From the listing below, output the lines between the one with "Lisslune | Soft, fluffy" and the one with "John Ashford Black", including those two, and nothing else. Pictures are not copied.
::: GIVEN ENTRIES :::
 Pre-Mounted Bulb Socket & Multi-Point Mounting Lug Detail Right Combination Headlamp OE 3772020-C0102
:::
::: GIVEN ENTRIES :::
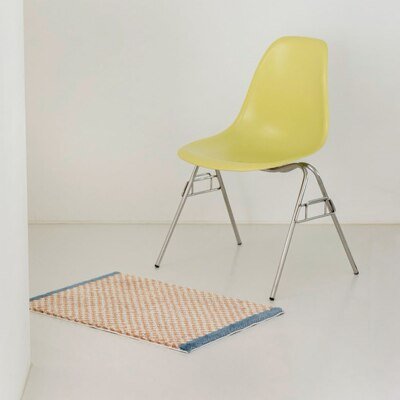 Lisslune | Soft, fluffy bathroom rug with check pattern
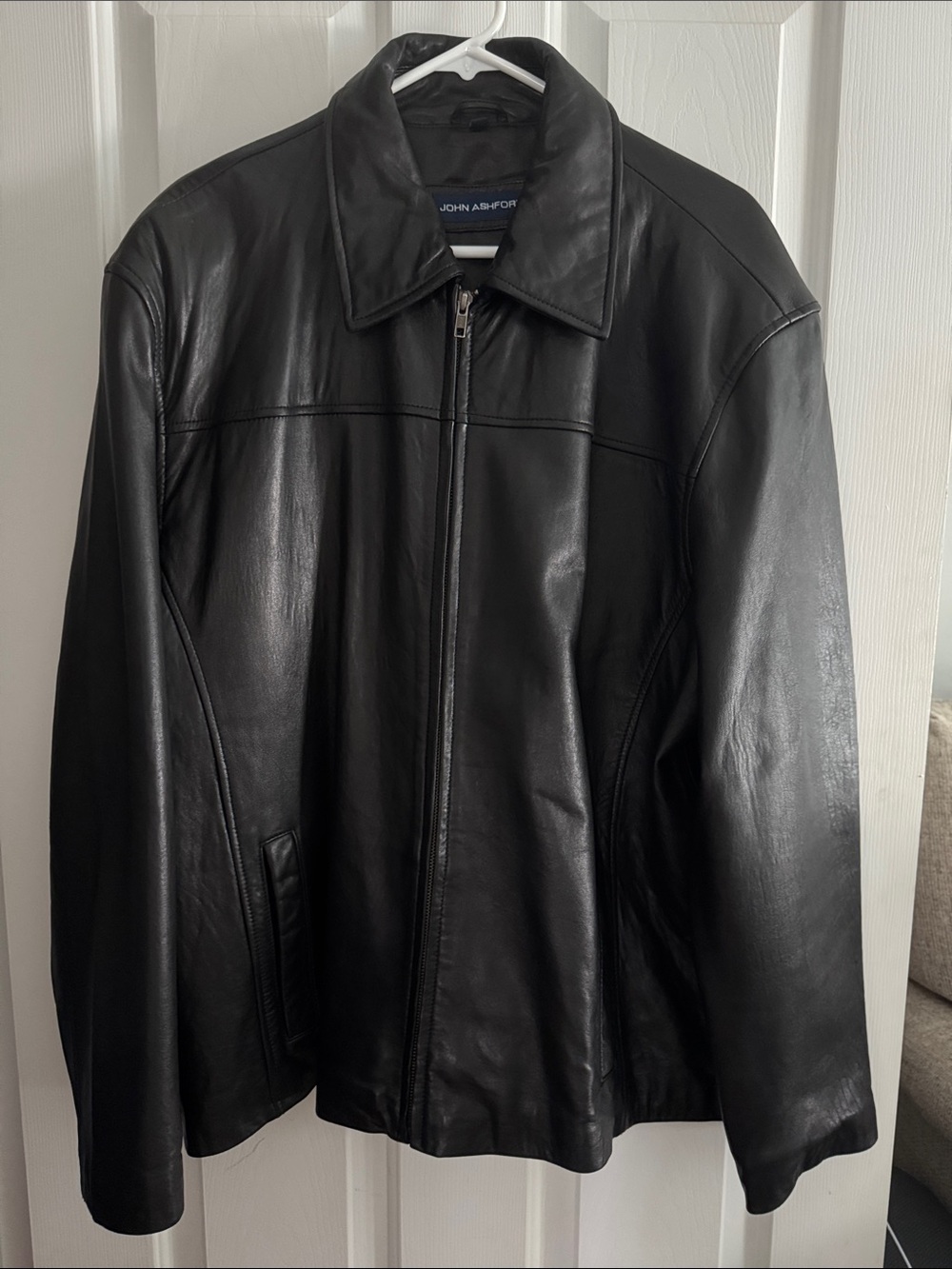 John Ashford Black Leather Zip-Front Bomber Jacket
:::
- **OUTPUT FOR THIS EXERCISE**
 Lisslune | Soft, fluffy bathroom rug with check pattern
 John Ashford Black Leather Zip-Front Bomber Jacket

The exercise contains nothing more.